Task details: Locate every line in the records below that contains the word "Sterling", and copy each one.

==*==

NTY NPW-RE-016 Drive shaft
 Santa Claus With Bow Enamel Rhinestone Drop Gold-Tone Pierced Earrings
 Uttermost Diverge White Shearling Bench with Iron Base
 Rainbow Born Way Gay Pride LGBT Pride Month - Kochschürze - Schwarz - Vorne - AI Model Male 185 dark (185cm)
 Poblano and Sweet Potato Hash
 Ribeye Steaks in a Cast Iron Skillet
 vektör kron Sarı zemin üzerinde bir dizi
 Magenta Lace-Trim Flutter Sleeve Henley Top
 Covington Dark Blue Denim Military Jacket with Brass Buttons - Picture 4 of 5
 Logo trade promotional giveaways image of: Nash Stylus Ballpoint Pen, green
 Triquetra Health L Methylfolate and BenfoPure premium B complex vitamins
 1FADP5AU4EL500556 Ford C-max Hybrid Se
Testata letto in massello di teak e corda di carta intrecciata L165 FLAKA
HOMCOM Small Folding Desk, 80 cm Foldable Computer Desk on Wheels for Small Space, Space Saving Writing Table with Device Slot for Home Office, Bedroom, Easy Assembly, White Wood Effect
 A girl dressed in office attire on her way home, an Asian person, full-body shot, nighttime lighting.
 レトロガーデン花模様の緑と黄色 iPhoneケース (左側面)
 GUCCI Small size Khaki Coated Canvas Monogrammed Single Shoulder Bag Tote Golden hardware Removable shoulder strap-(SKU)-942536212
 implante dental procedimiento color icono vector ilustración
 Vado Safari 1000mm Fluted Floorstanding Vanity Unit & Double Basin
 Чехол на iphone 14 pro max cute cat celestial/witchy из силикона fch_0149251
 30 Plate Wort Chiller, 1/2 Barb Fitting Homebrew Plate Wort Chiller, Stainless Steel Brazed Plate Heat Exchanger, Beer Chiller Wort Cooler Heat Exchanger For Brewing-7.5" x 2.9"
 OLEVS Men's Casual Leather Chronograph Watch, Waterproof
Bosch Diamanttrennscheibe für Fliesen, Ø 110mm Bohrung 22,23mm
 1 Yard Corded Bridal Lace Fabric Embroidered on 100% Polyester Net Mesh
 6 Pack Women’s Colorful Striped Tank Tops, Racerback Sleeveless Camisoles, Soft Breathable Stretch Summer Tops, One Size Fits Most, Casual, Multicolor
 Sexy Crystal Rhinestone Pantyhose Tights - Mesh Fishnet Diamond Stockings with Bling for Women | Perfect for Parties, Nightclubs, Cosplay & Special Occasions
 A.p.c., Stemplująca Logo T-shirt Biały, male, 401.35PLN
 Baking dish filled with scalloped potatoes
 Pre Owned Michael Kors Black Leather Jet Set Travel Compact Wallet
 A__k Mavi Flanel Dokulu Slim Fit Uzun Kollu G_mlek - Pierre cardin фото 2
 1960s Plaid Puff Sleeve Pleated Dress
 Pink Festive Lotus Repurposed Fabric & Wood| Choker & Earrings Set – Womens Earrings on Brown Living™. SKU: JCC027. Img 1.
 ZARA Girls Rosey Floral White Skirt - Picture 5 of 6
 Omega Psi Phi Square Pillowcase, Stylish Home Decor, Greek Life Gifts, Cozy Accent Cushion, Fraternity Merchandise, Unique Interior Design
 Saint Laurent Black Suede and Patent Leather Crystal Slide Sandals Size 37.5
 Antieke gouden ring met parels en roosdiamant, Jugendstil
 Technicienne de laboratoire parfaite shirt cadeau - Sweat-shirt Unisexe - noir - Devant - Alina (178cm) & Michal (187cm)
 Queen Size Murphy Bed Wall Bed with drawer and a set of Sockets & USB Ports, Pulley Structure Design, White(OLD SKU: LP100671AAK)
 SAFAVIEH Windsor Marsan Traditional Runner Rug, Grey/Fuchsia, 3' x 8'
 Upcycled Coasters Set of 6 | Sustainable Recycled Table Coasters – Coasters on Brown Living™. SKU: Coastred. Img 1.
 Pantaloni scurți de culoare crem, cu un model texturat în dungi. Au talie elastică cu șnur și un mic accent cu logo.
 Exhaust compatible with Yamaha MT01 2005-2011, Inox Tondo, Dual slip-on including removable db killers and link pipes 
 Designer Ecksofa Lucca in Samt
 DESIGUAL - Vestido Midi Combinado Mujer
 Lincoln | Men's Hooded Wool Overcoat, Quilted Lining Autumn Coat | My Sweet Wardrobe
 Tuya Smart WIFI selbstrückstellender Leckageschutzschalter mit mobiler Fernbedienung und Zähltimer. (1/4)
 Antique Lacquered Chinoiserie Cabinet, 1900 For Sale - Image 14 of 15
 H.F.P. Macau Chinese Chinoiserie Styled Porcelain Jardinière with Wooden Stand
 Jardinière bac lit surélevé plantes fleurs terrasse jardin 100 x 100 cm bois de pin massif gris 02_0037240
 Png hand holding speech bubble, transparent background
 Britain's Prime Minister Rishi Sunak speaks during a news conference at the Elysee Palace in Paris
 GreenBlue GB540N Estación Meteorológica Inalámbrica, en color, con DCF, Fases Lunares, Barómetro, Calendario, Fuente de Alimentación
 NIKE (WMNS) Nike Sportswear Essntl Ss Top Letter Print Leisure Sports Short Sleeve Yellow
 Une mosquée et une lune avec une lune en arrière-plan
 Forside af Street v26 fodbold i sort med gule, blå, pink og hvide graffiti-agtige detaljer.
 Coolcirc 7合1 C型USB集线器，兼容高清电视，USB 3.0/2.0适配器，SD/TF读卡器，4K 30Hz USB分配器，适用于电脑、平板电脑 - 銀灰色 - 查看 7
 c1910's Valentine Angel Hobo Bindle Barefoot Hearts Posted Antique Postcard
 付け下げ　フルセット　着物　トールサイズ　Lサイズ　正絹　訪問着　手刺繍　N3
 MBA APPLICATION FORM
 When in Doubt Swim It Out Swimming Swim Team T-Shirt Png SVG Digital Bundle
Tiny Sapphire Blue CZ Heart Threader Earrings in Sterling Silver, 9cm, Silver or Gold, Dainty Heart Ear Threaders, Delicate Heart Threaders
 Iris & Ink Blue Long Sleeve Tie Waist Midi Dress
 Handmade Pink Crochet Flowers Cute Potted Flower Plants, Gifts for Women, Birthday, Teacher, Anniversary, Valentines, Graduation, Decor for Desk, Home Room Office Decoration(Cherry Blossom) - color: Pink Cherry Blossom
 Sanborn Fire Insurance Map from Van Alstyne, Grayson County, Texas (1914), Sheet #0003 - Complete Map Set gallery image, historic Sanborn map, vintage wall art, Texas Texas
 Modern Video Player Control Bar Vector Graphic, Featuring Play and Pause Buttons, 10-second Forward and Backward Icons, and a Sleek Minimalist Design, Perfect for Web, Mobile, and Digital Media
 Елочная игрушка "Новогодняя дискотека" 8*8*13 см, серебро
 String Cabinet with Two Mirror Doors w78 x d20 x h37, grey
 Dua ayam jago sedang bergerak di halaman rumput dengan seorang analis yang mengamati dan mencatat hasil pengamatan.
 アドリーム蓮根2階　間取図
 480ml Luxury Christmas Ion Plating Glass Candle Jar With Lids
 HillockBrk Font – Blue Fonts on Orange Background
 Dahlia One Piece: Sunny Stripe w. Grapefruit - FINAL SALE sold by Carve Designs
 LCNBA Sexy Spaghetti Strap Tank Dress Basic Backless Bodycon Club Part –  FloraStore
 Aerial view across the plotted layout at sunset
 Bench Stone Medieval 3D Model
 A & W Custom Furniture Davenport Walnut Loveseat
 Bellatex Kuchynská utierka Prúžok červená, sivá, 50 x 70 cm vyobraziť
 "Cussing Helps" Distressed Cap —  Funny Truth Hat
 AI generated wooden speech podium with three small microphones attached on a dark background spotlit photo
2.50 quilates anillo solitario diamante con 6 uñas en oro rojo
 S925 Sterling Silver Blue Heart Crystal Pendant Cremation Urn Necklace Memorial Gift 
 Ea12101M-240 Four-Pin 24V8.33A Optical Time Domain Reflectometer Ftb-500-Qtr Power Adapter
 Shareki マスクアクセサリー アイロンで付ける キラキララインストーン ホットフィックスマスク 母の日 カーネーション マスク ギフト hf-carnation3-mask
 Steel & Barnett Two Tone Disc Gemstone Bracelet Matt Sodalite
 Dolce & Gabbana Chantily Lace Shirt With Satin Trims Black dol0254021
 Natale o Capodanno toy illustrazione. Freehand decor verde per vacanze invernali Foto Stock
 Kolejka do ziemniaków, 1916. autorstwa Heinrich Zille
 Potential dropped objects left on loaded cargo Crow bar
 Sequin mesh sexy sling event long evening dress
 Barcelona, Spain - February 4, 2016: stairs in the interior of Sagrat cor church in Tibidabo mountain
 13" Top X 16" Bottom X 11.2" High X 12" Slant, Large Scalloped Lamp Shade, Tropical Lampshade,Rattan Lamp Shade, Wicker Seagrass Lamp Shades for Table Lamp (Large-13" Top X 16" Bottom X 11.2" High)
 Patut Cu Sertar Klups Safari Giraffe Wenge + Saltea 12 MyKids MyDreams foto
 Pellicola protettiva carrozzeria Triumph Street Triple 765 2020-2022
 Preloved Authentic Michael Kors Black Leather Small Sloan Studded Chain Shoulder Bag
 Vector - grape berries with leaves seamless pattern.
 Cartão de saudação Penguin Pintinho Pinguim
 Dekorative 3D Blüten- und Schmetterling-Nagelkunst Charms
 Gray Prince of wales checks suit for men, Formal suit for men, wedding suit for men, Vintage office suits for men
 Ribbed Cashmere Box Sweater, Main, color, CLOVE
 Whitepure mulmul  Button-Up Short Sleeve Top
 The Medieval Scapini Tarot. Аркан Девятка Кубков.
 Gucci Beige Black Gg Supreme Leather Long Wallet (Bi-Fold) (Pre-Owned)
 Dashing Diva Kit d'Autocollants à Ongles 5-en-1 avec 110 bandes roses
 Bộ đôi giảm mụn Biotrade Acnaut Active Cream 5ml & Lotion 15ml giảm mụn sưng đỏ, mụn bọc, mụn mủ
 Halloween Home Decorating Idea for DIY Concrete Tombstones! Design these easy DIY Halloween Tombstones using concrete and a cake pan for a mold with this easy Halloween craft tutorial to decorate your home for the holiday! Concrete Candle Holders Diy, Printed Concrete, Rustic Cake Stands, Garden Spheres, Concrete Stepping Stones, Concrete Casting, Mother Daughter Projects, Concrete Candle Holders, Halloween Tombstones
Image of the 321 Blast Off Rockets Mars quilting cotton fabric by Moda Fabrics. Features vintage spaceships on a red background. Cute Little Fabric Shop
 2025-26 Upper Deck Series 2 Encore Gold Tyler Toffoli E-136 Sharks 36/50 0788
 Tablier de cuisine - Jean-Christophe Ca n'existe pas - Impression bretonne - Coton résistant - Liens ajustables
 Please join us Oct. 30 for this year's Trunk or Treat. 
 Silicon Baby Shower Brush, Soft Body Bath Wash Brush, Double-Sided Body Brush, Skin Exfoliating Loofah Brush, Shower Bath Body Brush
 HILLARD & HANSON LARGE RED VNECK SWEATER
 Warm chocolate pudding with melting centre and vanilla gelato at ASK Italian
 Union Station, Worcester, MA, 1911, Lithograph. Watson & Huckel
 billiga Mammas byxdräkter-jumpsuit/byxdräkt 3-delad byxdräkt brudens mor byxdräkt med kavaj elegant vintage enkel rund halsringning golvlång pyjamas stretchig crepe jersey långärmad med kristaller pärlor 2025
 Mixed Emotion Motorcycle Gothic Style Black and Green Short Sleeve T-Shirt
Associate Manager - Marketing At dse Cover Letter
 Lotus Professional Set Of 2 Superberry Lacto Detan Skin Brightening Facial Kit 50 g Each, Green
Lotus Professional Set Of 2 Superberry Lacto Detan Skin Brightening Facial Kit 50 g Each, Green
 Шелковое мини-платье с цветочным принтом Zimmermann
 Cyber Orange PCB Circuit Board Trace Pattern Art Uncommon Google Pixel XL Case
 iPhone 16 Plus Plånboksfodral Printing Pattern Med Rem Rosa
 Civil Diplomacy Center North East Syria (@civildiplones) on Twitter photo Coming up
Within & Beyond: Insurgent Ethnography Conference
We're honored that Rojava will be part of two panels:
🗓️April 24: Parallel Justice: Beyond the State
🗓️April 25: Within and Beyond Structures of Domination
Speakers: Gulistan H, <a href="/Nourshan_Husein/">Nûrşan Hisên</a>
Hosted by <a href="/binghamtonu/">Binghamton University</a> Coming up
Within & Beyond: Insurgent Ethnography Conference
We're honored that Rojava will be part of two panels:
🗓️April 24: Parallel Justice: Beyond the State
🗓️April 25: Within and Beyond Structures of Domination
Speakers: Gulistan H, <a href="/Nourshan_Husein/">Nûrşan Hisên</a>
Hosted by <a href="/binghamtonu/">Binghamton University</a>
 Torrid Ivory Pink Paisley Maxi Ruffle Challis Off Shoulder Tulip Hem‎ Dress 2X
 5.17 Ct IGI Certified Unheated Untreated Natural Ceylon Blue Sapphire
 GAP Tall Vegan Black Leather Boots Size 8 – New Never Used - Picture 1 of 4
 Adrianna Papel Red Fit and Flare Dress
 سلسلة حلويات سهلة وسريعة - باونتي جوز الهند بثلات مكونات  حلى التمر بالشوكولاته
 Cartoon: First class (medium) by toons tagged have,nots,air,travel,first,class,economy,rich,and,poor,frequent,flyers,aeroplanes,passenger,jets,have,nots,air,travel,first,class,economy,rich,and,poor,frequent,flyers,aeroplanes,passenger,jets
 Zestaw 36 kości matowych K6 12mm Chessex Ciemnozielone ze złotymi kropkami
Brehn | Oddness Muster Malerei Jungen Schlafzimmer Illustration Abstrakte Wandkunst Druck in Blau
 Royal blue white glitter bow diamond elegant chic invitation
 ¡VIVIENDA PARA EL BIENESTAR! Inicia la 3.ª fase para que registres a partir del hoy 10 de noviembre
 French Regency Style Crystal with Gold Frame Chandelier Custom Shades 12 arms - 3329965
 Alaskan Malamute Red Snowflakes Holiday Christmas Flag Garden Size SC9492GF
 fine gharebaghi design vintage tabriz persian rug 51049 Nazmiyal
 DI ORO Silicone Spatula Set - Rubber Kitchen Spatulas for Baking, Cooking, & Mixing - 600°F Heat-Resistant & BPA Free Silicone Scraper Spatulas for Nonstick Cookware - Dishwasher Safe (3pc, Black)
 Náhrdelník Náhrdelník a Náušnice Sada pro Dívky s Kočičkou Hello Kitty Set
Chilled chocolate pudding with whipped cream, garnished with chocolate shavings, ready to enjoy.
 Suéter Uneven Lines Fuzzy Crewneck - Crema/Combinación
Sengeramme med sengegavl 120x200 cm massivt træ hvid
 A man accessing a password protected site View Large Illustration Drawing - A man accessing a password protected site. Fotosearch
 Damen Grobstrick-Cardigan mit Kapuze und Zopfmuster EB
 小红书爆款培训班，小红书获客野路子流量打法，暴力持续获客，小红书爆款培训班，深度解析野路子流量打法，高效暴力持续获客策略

==*==

Result of this task:
Tiny Sapphire Blue CZ Heart Threader Earrings in Sterling Silver, 9cm, Silver or Gold, Dainty Heart Ear Threaders, Delicate Heart Threaders
 S925 Sterling Silver Blue Heart Crystal Pendant Cremation Urn Necklace Memorial Gift 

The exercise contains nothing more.